• AVAILABLE RECORDS
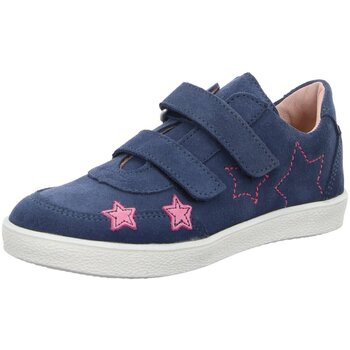 Schuhe Mädchen Sneaker Däumling Klettschuhe Farina 160361S 42 Blau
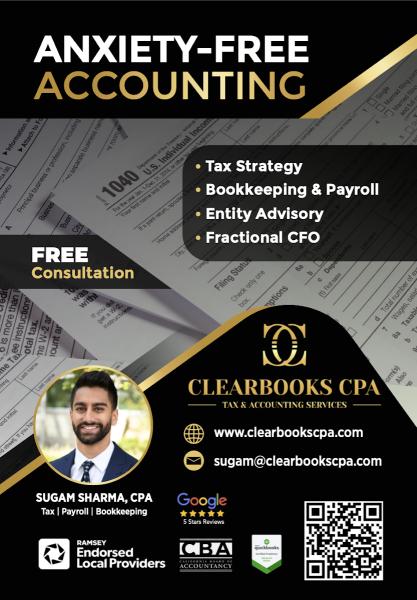 Clearbooks CPA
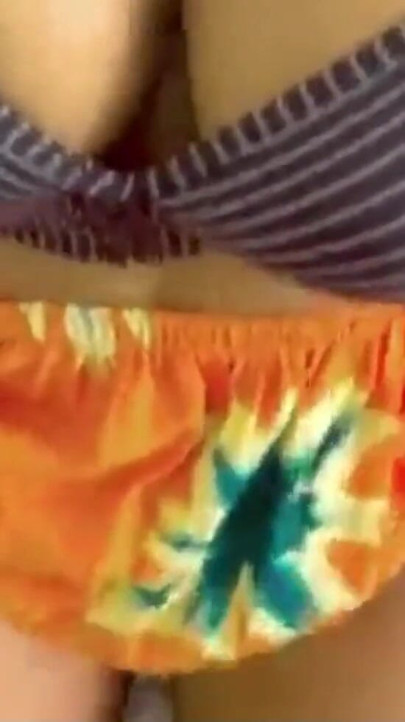 Desi Indian Hot Girl Ride Boyfriends Big Brown Cock Until Both Cum | Clip 1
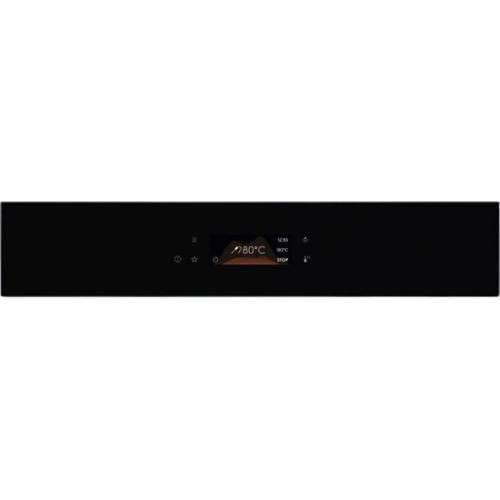 ELECTROLUX Juodos spalvos el. orkaitė su daliniu garu Electrolux LOD8C39Z 529,00 €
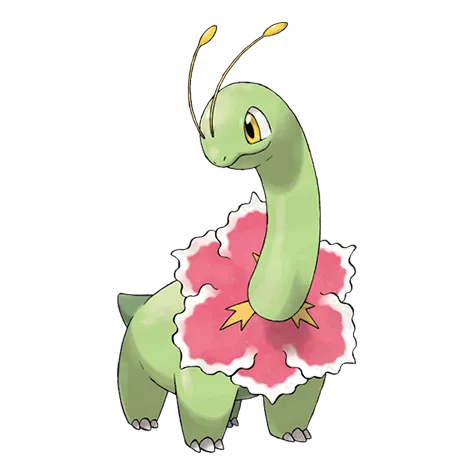Meganium sprite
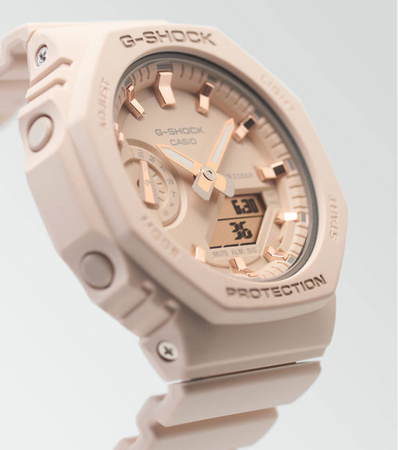 Zegarek Casio G-Shock GMA-S2100-4AER Damski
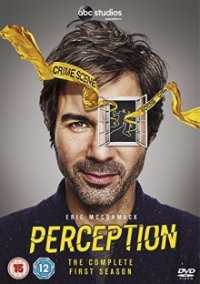 Perception Cover, Stream, TV-Serie Perception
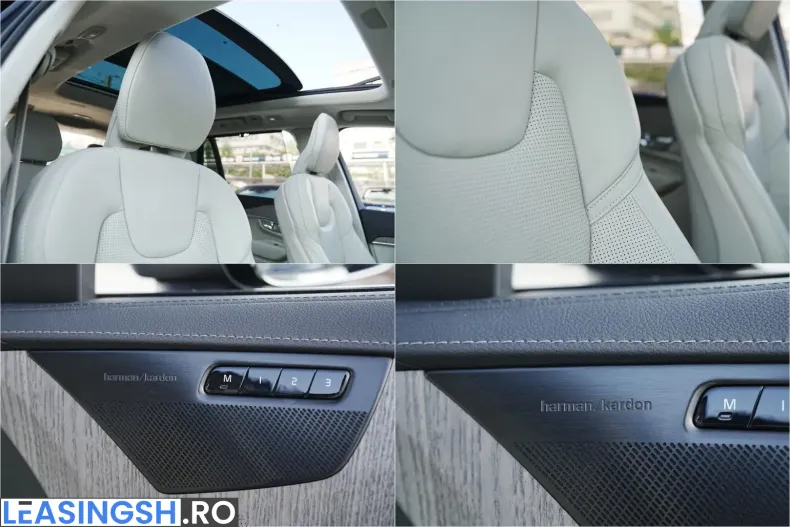 Volvo XC90 din 2023 cu 117.000 km - oferta VOL245231 - foto 26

• WORK INSTRUCTION
From first line to last, return the records verbatim without their pictures.

• SOLUTION
 Schuhe Mädchen Sneaker Däumling Klettschuhe Farina 160361S 42 Blau
 Clearbooks CPA
 Desi Indian Hot Girl Ride Boyfriends Big Brown Cock Until Both Cum | Clip 1
 ELECTROLUX Juodos spalvos el. orkaitė su daliniu garu Electrolux LOD8C39Z 529,00 €
Meganium sprite
 Zegarek Casio G-Shock GMA-S2100-4AER Damski
 Perception Cover, Stream, TV-Serie Perception
 Volvo XC90 din 2023 cu 117.000 km - oferta VOL245231 - foto 26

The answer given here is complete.